The one-day return trip on Wednesday has heightened speculation that Israel could soon strike a peace deal with Sudan, an Arab country with which it is still technically at war.
US President Donald Trump, fighting for re-election on November 3, has pushed for further deals between Israel and Arab countries with which it currently has no diplomatic relations.
A chartered plane left Tel Aviv for the Sudanese capital on Wednesday, according to the specialised air traffic website Flightradar24.
Sources in Sudan and Israel confirmed to AFP that the visit had taken place on Wednesday.
"A joint American-Israeli delegation visited Khartoum yesterday" and met with Sovereign Council president General Abdel Fattah al-Burhan for talks on a normalisation of ties between Sudan and Israel, a Sudanese government source said.
Israeli sources requesting anonymity had earlier told AFP that an Israeli delegation had travelled to Sudan on Wednesday to discuss the same issue.

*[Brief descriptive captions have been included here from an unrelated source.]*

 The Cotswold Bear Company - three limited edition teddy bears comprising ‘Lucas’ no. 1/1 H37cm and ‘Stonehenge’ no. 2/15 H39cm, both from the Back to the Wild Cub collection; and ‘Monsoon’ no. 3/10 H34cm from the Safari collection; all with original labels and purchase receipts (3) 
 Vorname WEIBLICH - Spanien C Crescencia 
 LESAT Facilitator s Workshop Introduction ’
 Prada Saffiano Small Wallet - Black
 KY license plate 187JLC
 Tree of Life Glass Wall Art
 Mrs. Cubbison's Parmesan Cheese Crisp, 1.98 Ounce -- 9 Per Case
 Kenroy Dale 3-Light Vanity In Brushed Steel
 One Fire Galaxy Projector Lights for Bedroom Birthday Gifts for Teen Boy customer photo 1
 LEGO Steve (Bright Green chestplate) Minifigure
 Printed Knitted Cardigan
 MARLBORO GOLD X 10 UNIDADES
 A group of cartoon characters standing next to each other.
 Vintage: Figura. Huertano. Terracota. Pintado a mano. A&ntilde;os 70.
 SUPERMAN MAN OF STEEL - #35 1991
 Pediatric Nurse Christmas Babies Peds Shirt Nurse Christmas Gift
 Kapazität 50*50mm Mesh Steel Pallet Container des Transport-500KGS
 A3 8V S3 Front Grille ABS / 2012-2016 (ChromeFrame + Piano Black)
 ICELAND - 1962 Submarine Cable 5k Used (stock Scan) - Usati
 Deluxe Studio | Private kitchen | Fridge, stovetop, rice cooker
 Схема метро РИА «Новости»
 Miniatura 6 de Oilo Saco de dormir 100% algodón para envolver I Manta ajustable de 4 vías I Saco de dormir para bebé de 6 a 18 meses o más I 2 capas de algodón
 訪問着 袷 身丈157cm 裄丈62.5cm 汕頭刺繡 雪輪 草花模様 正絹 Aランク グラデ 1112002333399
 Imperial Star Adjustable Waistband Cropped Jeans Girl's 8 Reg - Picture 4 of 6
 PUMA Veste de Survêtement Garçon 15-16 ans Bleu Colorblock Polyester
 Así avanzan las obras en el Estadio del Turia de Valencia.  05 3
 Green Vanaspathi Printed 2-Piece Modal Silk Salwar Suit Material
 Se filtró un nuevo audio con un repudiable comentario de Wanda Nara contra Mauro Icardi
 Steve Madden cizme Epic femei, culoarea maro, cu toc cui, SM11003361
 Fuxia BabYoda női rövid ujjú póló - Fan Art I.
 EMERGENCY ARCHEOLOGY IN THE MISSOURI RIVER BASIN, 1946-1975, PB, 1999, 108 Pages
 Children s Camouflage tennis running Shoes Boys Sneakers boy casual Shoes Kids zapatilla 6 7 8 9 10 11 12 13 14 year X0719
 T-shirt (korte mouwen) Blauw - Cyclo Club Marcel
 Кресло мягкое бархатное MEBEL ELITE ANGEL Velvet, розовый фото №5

Read also: Normalisation deal with Netanyahu would betray Palestinians, along with Sudan's refugees in Israel
The same day, US Secretary of State Mike Pompeo said he hoped Sudan would "quickly" recognise Israel.
And on Thursday the US State Department said Pompeo had spoken by phone with Sudanese Prime Minister Abdalla Hamdok during which he "applauded... Hamdok's efforts-to-date to improve Sudan's relationship with Israel and expressed hope that they would continue".
That call came after Trump had pledged Monday to take Sudan soon off the US state sponsors of terrorism blacklist, a legacy of the era of fallen dictator Omar al-Bashir.
Israel's top-selling daily, Yediot Aharonot, reported that Sudan's post-Bashir joint civilian-military government had internally agreed to normalise ties.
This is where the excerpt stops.